The magnetic map of the Milky Way was stitched together from data collected by the European Space Agency's Planck space observatory. The Planck map shows how specially oriented polarized light is emitted from interstellar dust.
"This is the best picture we've ever had of the magnetic field of the Milky Way over such a large part of the sky," Charles Lawrence, the U.S. Planck project scientist at NASA's Jet Propulsion Laboratory in California, said in a statement.
Traveling as waves in electric and magnetic fields, light vibrates in directions at right angles to the direction it travels. In most cases, the fields vibrate in all directions.
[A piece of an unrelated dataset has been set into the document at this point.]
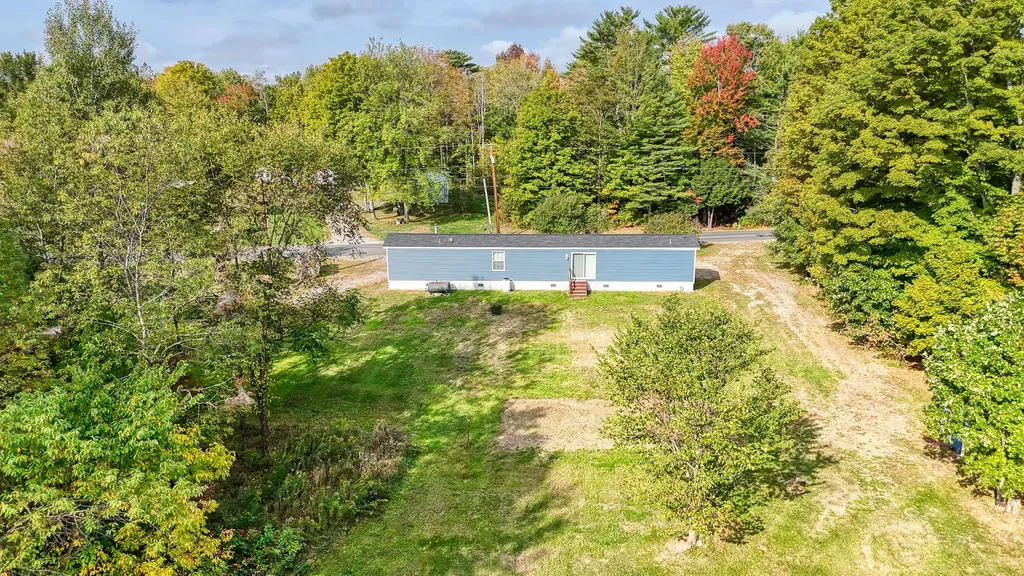 1107 Hill Road Clinton ME 04927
However, if something affects the light and causes it to vibrate preferentially in certain directions, it becomes polarized.
In space, light emitted by gas, dust, and stars can be polarized. Spinning dust particles in clouds can become aligned with magnetic fields, creating polarization that can be measured.
The new image from Planck reveals the large-scale organization of the polarization of the galaxy. Swirls, loops, and arcs, like giant fingerprints, trace the structure of the magnetic fields in the Milky Way, which results from the field lines running predominantly parallel to the galactic plane. Darker regions correspond to stronger polarization, with striations indicating the direction of the magnetic field on the plane of the sky.
The image also reveals variations in polarization by nearby objects, such as clouds of gas and dust.
Planck's study of the galactic polarization is analyzed in four papers recently submitted to the journal Astronomy & Astrophysics.